Gogol c'est vraiment particulier mais pour celui qui aime ce genre c'est réellement incontournable. Je vous livre ici un extrait, dans lequel Gogol introduit un personnage secondaire et se livre à une petite digression absolument savoureuse d'une demi-page avant de l'abandonner et de passer à autre chose. C'est caractéristique de son style et de sa manière de procéder, personnellement j'aime beaucoup :
«Le propriétaire entra, accompagné du commissaire de quartier, dont, comme on sait, l'apparition est plus désagréable aux petites gens qu'aux riches la visage d'un quémandeur. Le propriétaire de la modeste maison où vivait Tchartkov était l'une de ces créatures dont sont habituellement faits les propriétaires de la Quinzième Ligne de l'île Vassilievski, de la rive droite ou du lointain Kolomna - créatures fort répandues en Russie et dont on a autant de mal à définir le caractère qu'à préciser la couleur d'une veste usée. Dans sa jeunesse il avait été capitaine et braillard, il avait aussi traîné dans l'administration, il s'y entendait à manier le fouet, savait mener sa barque, jouait à l'élégant, et était parfaitement idiot; devenu vieux, il avait confondu toutes ces caractéristiques bien tranchées en je ne sais quelle grisaille indéfinie.
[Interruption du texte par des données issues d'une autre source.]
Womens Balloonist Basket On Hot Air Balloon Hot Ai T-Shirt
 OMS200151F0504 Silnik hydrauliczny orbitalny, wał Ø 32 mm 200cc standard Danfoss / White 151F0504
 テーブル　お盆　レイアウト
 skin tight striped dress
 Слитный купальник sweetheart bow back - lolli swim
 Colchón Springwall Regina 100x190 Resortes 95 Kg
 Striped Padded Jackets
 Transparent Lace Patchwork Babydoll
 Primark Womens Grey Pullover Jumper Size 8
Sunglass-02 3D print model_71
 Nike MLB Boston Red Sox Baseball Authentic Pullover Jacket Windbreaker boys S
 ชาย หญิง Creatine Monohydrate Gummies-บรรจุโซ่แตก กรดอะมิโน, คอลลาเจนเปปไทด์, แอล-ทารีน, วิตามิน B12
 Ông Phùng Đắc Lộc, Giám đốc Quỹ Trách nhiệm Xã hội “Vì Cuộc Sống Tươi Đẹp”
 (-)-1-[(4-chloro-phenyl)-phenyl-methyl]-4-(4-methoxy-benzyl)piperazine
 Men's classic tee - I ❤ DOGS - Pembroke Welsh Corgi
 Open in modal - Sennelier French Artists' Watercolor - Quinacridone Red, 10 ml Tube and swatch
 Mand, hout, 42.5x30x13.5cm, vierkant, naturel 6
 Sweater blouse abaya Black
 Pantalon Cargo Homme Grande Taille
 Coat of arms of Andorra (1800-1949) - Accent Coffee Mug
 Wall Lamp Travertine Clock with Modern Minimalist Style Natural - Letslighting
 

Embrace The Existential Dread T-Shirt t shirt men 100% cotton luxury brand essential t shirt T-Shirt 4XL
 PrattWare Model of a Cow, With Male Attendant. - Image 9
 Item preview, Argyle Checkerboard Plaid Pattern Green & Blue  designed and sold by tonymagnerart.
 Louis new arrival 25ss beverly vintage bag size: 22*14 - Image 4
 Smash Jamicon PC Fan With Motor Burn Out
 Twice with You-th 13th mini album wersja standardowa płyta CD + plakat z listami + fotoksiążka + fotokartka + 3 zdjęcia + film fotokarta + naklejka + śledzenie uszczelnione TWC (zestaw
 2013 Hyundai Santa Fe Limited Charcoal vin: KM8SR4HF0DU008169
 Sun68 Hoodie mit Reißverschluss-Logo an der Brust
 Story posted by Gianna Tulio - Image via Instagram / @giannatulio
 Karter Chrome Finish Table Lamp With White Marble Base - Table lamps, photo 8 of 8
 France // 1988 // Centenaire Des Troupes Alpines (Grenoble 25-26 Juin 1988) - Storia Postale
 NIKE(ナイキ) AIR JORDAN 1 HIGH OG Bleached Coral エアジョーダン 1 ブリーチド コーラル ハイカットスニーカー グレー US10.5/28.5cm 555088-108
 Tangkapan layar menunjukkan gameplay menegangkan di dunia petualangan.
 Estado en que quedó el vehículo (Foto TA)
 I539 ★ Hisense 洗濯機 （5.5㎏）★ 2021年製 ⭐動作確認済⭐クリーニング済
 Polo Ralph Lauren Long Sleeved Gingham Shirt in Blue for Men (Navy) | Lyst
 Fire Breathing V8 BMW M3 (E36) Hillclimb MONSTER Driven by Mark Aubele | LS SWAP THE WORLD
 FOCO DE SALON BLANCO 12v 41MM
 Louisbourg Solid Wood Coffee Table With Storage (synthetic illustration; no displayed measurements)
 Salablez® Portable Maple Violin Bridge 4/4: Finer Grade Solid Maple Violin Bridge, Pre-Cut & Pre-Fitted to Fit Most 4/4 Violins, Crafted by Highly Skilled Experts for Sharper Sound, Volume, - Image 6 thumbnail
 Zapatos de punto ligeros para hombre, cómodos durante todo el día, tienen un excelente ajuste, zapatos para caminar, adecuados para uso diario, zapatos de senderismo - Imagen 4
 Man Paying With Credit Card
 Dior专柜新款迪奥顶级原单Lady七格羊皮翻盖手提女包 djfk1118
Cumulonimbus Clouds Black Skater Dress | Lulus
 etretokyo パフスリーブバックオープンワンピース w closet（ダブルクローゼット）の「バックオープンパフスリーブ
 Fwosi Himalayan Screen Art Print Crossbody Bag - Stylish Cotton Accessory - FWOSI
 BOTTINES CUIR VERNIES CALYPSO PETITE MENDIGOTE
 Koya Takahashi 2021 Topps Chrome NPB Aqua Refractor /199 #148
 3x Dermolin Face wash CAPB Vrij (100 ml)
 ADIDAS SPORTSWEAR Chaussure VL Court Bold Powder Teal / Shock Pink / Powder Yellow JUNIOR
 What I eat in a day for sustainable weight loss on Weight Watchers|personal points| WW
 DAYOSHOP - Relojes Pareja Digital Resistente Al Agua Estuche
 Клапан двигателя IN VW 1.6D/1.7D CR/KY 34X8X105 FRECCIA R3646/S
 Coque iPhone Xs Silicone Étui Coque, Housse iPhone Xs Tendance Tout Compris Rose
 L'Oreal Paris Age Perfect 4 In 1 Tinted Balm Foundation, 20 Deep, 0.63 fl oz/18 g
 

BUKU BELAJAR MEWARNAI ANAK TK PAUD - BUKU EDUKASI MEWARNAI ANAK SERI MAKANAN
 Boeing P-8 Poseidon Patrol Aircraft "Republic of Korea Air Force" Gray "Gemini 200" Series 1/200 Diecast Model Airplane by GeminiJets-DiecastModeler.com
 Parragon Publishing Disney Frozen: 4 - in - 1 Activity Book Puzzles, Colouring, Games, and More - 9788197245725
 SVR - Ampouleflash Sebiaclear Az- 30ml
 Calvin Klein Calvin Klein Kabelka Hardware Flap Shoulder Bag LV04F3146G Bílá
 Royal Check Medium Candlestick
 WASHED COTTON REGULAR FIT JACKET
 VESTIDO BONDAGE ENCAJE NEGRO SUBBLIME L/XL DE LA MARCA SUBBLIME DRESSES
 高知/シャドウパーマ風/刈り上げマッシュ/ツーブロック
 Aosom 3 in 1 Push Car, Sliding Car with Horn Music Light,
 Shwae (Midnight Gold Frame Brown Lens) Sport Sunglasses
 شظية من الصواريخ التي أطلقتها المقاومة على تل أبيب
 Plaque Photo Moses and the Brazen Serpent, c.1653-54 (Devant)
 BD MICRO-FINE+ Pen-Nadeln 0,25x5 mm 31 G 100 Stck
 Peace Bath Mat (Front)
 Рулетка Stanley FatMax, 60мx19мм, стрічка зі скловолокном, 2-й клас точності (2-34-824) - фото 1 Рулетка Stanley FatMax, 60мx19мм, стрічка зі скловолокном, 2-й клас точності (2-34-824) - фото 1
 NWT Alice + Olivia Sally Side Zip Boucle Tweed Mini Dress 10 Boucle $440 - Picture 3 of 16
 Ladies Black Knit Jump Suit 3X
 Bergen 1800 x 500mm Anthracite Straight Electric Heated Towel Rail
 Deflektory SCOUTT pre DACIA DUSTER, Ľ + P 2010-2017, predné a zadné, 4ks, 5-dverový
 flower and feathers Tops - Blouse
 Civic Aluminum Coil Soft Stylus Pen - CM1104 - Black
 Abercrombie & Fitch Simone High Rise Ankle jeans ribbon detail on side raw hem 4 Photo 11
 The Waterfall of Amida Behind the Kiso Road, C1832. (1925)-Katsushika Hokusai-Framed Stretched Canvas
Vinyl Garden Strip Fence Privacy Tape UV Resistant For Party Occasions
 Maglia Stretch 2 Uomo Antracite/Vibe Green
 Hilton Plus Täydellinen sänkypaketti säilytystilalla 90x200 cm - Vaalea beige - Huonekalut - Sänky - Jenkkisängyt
Il était déjà veuf, déjà à la retraite, il ne prétendait plus à l'élégance, ne se vantait plus, ne cherchait querelle à personne, n'aimait plus rien que boire son thé en racontant des niaiseries ; il arpentait sa chambre, mouchait sa chandelle ; à la fin de chaque mois il faisait avec application le tour de ses locataires pour toucher ses loyers; il sortait dans la rue, sa clé en main, pour regarder le toit de sa maison ; chassait régulièrement le concierge de l'écurie où il s'était caché pour dormir ; bref, c'était un retraité à qui il ne reste plus, après une vie tumultueuse et quelques mauvais passages, que la plus plate des routines».